The Truth (New York)
Bravo! Great article. I agree, but can we get the agreement of the powers that be?
DENOTE MORDANT (CA)
So, the inference is direct. Stay off the internet.
Yasser Taima (Pacific Palisades, California)
@DENOTE MORDANT It doesn't matter; if you use a phone you'll also be placed in a network graph and inference will be made about you. Even writing letters through the mail or sending and receiving packages through UPS is data on you, since all but the content is logged and sold, and that information is sufficient to infer a lot. In short, if you use any kind of communication, including walking in a public area where cameras are recording and recognizing you, the "matrix" (aka any company with Data+Machine Learning deployed) knows you better than you know yourself. This is real; this is now. This isn't science fiction. It's the equivalent of waking up and discovering that ISIS has taken over your town, and the authorities are nowhere to be seen, like happened in parts of Iraq in 2014. Your only choice is to accept it and hope for the best. In this case, hope that Congress enacts laws to protect the public, and convince yourself that the chance of that is non-negligible. Hello Big Data, nice to meet you, my little comment here looking up at ya from below.
Yasser Taima (Pacific Palisades, California)

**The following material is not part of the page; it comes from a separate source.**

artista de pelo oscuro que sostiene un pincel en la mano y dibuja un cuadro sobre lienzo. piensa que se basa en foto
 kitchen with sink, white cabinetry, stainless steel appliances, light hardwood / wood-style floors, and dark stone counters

@DENOTE MORDANT It doesn't matter; if you use a phone you'll also be placed in a network graph and inferences can be made about you. Even writing letters through the mail or sending and receiving packages through UPS is data on you, since all but the content is logged and the data sold, data that is sufficient to infer a lot. In short, if you use any kind of communication, including walking in a public area where cameras are recording and recognizing you, the "matrix" (a.k.a. any company with data+machine learning deployed) knows you better than you know yourself. This is real; this is now. This isn't science fiction. It's the equivalent of waking up and discovering that ISIS has taken over your town, and the authorities are nowhere to be seen, like in parts of Iraq and Syria in 2014. Your only choice as a lay citizen is to accept it and hope for the best. In this case, hope that Congress enacts laws to protect the public, and convince yourself that has a chance of happening. If you object, you can be tagged for higher insurance, more police monitoring, or lower credit. The other possibility is to be on the other side as a billionaire, where you do everything through intermediaries woven into a self-monitoring web which you feed with your money. They will shield you and construct a fake public persona for you, like our own DJT. This, however, is a only a choice for the very few. Hello Big Data; nice to meet you, my little comment here looking up at ya from down below.
Mary (NC)
@Yasser Taima also any transactions using debit or credit cards can infer a lot about a person.